INSTRUCTIONS FOR THE TASK: Set down the final stretch of the data, from the line that holds "Indoor Christmas Decorations" through the last line, both included, with pictures left out.

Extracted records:
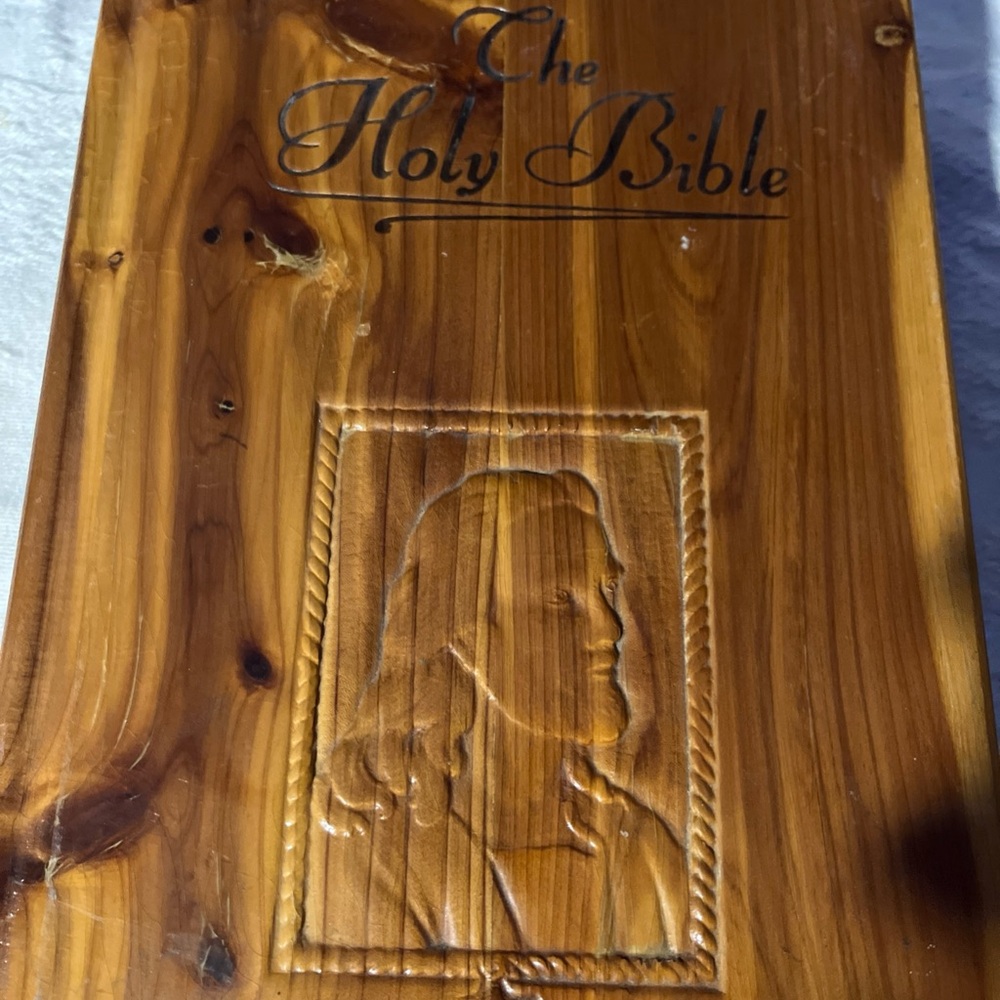 Wooden Holy Bible Cover with Carved Design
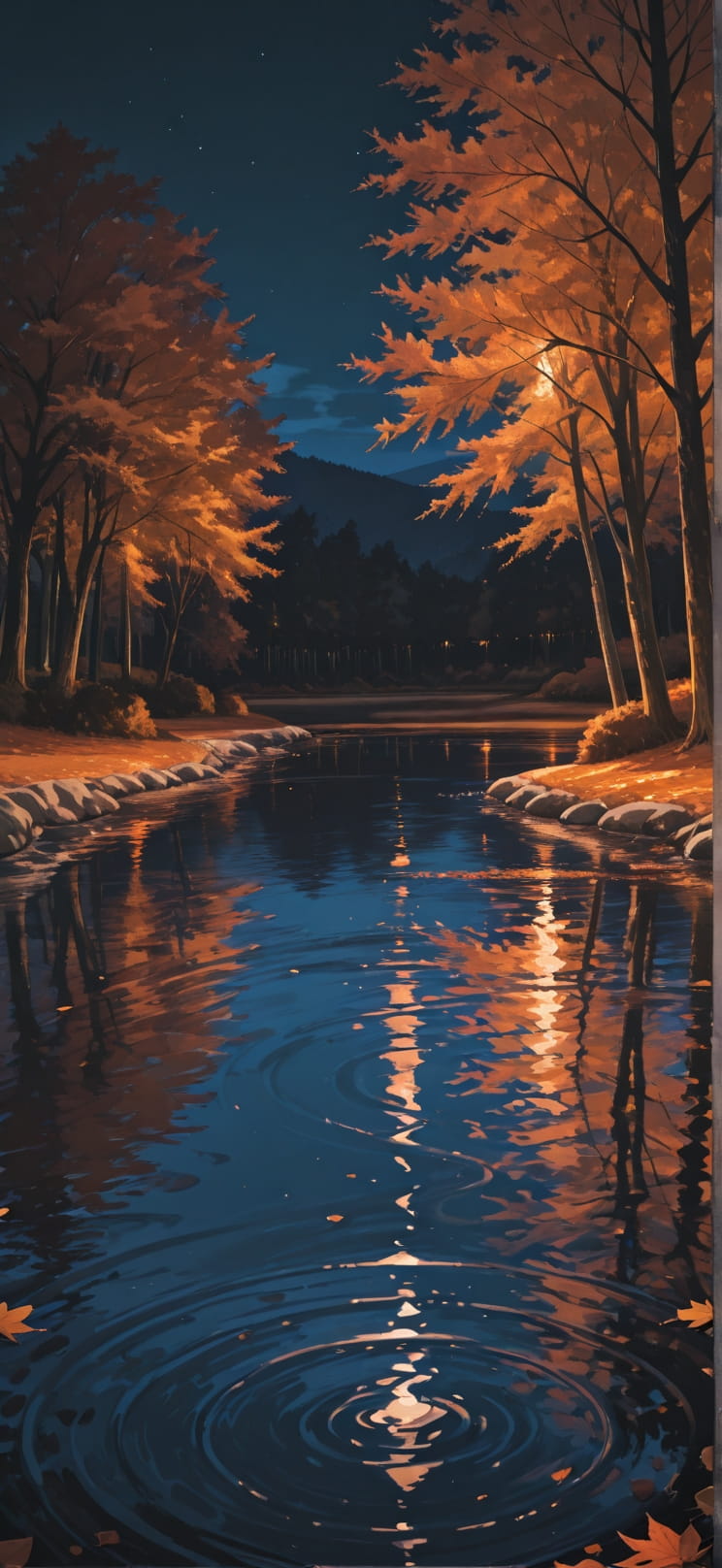 Lagoon Orange Night Sea Autumn mobile wallpaper / スマホ壁紙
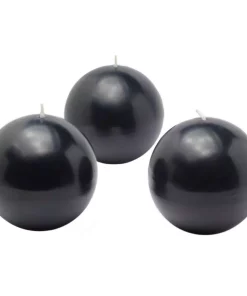 Indoor Christmas Decorations Zest Candle 3 In. Black Ball Candles (6-Box)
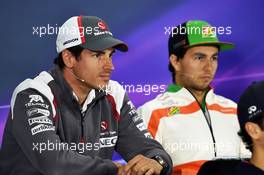 (L to R): Adrian Sutil (GER) Sauber and Sergio Perez (MEX) Sahara Force India F1 in the FIA Press Conference. 17.04.2014. Formula 1 World Championship, Rd 4, Chinese Grand Prix, Shanghai, China, Preparation Day.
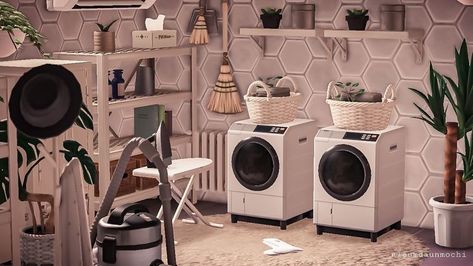 Laundry Room • ACNH Acnh Gaming Room, Acnh Cottagecore, Animal Crossing Guide, Acnh Inspo, Laundry Area, Cottagecore Style, Island Decor, New Animal Crossing, Animal Crossing Game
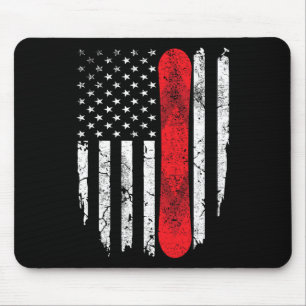 Snowboard American Flag Patriotic Winter Sports Sn Mouse Pad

SOLUTION FOR THIS TASK:
 Indoor Christmas Decorations Zest Candle 3 In. Black Ball Candles (6-Box)
 (L to R): Adrian Sutil (GER) Sauber and Sergio Perez (MEX) Sahara Force India F1 in the FIA Press Conference. 17.04.2014. Formula 1 World Championship, Rd 4, Chinese Grand Prix, Shanghai, China, Preparation Day.
 Laundry Room • ACNH Acnh Gaming Room, Acnh Cottagecore, Animal Crossing Guide, Acnh Inspo, Laundry Area, Cottagecore Style, Island Decor, New Animal Crossing, Animal Crossing Game
 Snowboard American Flag Patriotic Winter Sports Sn Mouse Pad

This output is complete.